WASHINGTON.  Se si tiene conto solo della popolazione adulta, un americano su cento è in carcere. Il dato é sorprendente e rivela come quella che passa per essere la più grande democrazia del mondo ha anche la più grande popolazione carceraria che esista sul pianeta: 2.3 milioni di persone, grosso modo un quarto di tutti i detenuti a livello mondiale. Quasi una nazione nella nazione. Lo denuncia oggi il New York Times che - partendo dai dati ufficiali dell'International Center for Prison Studies del King's College di Londra - analizza la situazione carceraria statunitense mettendola a confronto con quella degli altri Paesi più sviluppati. Per giungere appunto a questa conclusione: in nessun Paese al mondo esiste un rapporto tanto ‘sproporzionato' tra numero di abitanti e numero di detenuti. In Italia, per esempio, i dati sulla popolazione carceraria prima dell'indulto concesso nel 2006 indicavano una presenza di circa 62.000 detenuti, che in rapporto alla popolazione fa circa un carcerato su mille.
Negli Usa, su una popolazione di 290 milioni di persone, 2,3 milioni (ovvero l'1,26%), sono in carcere, il che significa un indice quasi otto volte superiore. Se poi dal conto degli americani si tolgono gli anziani e i bambini, si arriva all'1% pieno di carcerati, forse qualcosa in più.
Perché? Perché - scrive il quotidiano di New York - se da un lato gli americani possono senza ombra di dubbio essere considerati una popolazione violenta, dall'altro il sistema legislativo Usa porta oggi alla detenzione anche per reati come falsificazione di assegni bancari e consumo di droghe leggere, che in altri Paesi non sono puniti col carcere. Il risultato di questo sistema giudiziario è che - come peraltro in molti altri Paesi - le carceri americane scoppiano. Neppure la Cina, che pure ha una popolazione di un miliardo e 300mila abitanti, ha tante persone in carcere.
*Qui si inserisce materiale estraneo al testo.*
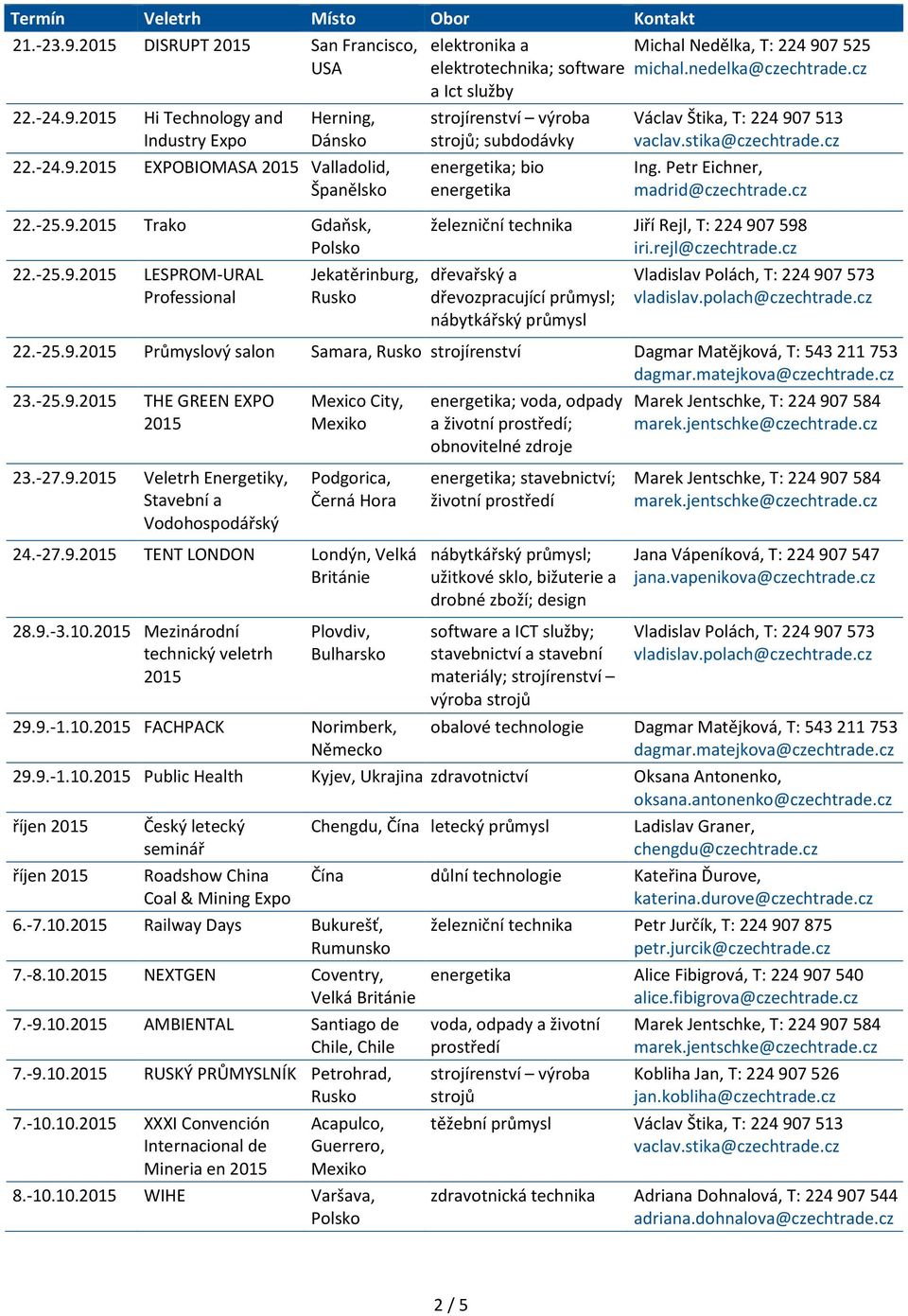 cz dřevařský a dřevozpracující průmysl; nábytkářský průmysl 22.-25.9.2015 Průmyslový salon Samara, strojírenství 23.-25.9.2015 THE GREEN EXPO 2015 Mexico City, Mexiko energetika; voda, odpady a životní ; obnovitelné zdroje 23.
Secondo i dati ufficiali, i detenuti cinesi sono grosso modo 1,6 milioni. I detenuti americani sono - in rapporto alla popolazione - dieci volte di più: 751 persone in carcere ogni 100mila abitanti. Tra le cause - sostiene il quotidiano citando esperti di diritto, criminologi e sociologi - oltre a quelle giudiziarie se ne possono annoverare due che lo stesso quotidiano definisce "anomalie mondiali": "l'american temperament", che porta le persone a reagire spesso in modo violento, e l'eleggibilità dei giudici.
Questa "anomalia democratica" porta molti giudici a prendere sotto elezioni posizioni populiste e severe pur di farsi eleggere, e la percentuale di condannati finisce per crescere in modo "sproporzionato".
"Il divario che esiste tra il sistema giudiziario americano e il resto del mondo è enorme e continua a crescere" denuncia il New York Times.. È finito il tempo in cui erano gli europei ad andare in America per studiare il modello carcerario degli Stati Uniti. Oggi è tempo di invertire la tendenza. Perché sono ormai lontanissime le parole di Alexis de Tocqueville, che nel 1831 scriveva nella sua "Democrazia in America": "In nessun Paese al mondo la giustizia è amministrata con più mitezza di quanto non avvenga negli Stati Uniti". Non è più così. Anzi, "l'America contemporanea è semmai vista con orrore" ha scritto uno dei maggiori esperti americani in materia, James Whitman, docente di diritto comparato a Yale. "Di sicuro non c'é governo europeo che possa mandare sue delegazioni a imparare dagli americani come si fa a gestire una prigione". E se il modello, conclude il New York Times, fosse San Marino? Dal rapporto risulta questo dato: 30mila abitanti, 1 detenuto.